The Black Museum was a 1951 radio crime-drama program independently produced by Harry Alan Towers and based on real-life cases from the files of Scotland Yard's Black Museum. Ira Marion was the scriptwriter, and music for the series was composed and conducted by Sidney Torch. Although often mistakenly cited as being produced for the BBC, the series was produced and syndicated commercially by Towers throughout the English-speaking world.

 Orson Welles was both host and narrator for stories of horror and mystery, based on Scotland Yard's collection of murder weapons and various ordinary objects once associated with historical true crime cases. The show's opening began:

"This is Orson Welles, speaking from London."
(Sound of Big Ben chimes)
"The Black Museum... a repository of death. Here in the grim stone structure on the Thames which houses Scotland Yard is a warehouse of homicide, where everyday objects... a woman’s shoe, a tiny white box, a quilted robe... all are touched by murder."

Walking through the museum, Welles would pause at one of the exhibits, and his description of an artifact served as a device to lead into a wryly-narrated dramatized tale of a brutal murder or a vicious crime. In the closing:

"Now until we meet again in the same place and I tell you another tale of the Black Museum", Welles would conclude with his signature radio phrase, "I remain, as always, obediently yours".

With the story themes deriving from objects in the collection (usually with the names of the people involved changed but the facts remaining true to history), the 52 episodes had such titles as "The Tartan Scarf" and "A Piece of Iron Chain" or "Frosted Glass Shards" and "A Khaki Handkerchief". An anomaly to the series was an episode called "The Letter" as this was the only story not about murder, but about forgery.

In the United States, the series aired on the Mutual Network between January 1 and December 30, 1952.

Beginning May 7, 1953, it was also broadcast over Radio Luxembourg sponsored by the cleaning
products Dreft and Mirro. Since the BBC carried no commercials, Radio Luxembourg aired sponsored programs at night to England.

In the United States, there was a contemporary program called Whitehall 1212 written and directed by Wyllis Cooper and broadcast by NBC, which was similar in scope to The Black Museum. It was hosted by Chief Superintendent John Davidson, curator of the Black Museum. It used many of the same picked cases as The Black Museum, and it nearly mirrored its broadcast run. The two shows
were different in the respect that while Whitehall 1212 told the story of a case entirely from the point of view of the police starting from the crime scene, The Black Museum was more heavily dramatized and played out scenes of the actual murders and included scenes from the criminal's point of view.



Trivia:

Two episodes, "The Car Tire" and "The Gas Receipt," were the same story with minor differences between the two.
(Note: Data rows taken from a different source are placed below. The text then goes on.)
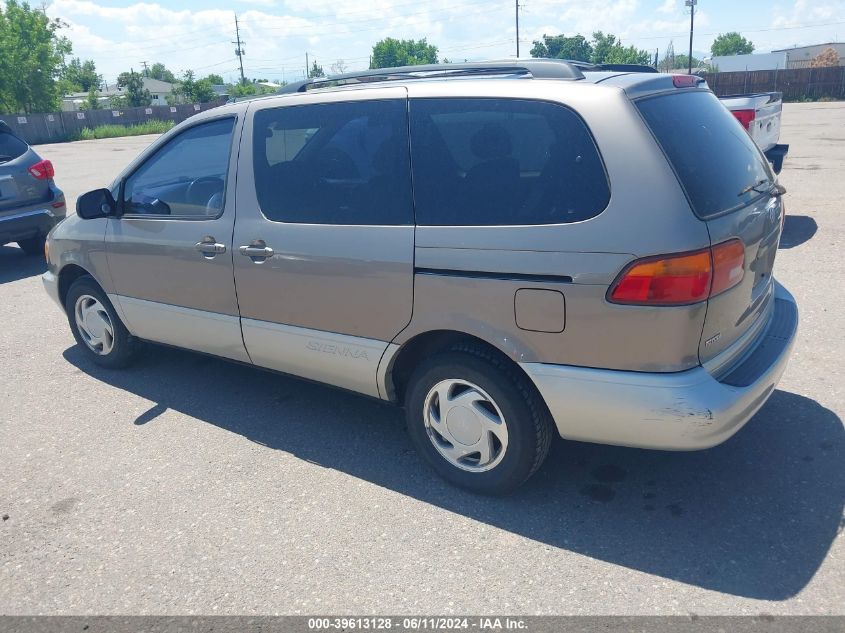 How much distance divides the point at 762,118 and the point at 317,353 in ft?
21.5

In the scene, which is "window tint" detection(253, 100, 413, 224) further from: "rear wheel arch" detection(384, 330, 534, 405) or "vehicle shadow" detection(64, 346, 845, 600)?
"vehicle shadow" detection(64, 346, 845, 600)

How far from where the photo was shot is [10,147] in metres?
8.47

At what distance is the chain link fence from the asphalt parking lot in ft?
117

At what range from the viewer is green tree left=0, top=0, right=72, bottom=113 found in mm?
54906

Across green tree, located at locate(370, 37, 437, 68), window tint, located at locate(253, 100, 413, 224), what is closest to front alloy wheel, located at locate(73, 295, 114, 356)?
window tint, located at locate(253, 100, 413, 224)

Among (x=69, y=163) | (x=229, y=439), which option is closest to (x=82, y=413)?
(x=229, y=439)

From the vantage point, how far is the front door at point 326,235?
338cm

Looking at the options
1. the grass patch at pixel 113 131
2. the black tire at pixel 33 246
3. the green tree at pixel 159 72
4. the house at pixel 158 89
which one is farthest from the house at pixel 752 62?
the green tree at pixel 159 72

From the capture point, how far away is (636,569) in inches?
111

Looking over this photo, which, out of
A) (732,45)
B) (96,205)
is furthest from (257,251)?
(732,45)

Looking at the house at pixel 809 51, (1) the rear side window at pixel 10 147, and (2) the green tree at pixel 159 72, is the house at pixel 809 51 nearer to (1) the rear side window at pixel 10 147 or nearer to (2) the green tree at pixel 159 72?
(1) the rear side window at pixel 10 147

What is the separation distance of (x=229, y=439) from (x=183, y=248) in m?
1.16

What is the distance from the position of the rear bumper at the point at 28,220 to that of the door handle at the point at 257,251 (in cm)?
583

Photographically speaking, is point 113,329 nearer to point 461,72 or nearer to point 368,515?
point 368,515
Another pair of episodes, "The Baby's Jacket" and "The Spectacles," were based on the same case, as were "The Tan Shoe" and "The Leather Bag."

Four famous murder cases were dramatized on The Black Museum: John George Haigh, the "Acid Bath Murderer"; George Joseph Smith, the "Brides in the Bath Murderer"; Adelaide Bartlett, whose husband died from chloroform poisoning; and Florence Maybrick, who allegedly used arsenic from fly-paper to murder her husband James Maybrick (who was recently suspected of being Jack the Ripper courtesy of the 1993 publication of The Diary of Jack the Ripper).

In "Open End Wrench" it's mistakenly stated that the culprit was executed in Dartmoor. No 20th-century executions were carried out in Dartmoor. Built during the Napoleonic Wars to contain French and American POWs, it was, after lying idle from 1815 to 1850, later commissioned as a convict gaol and used for dangerous long-term prisoners only.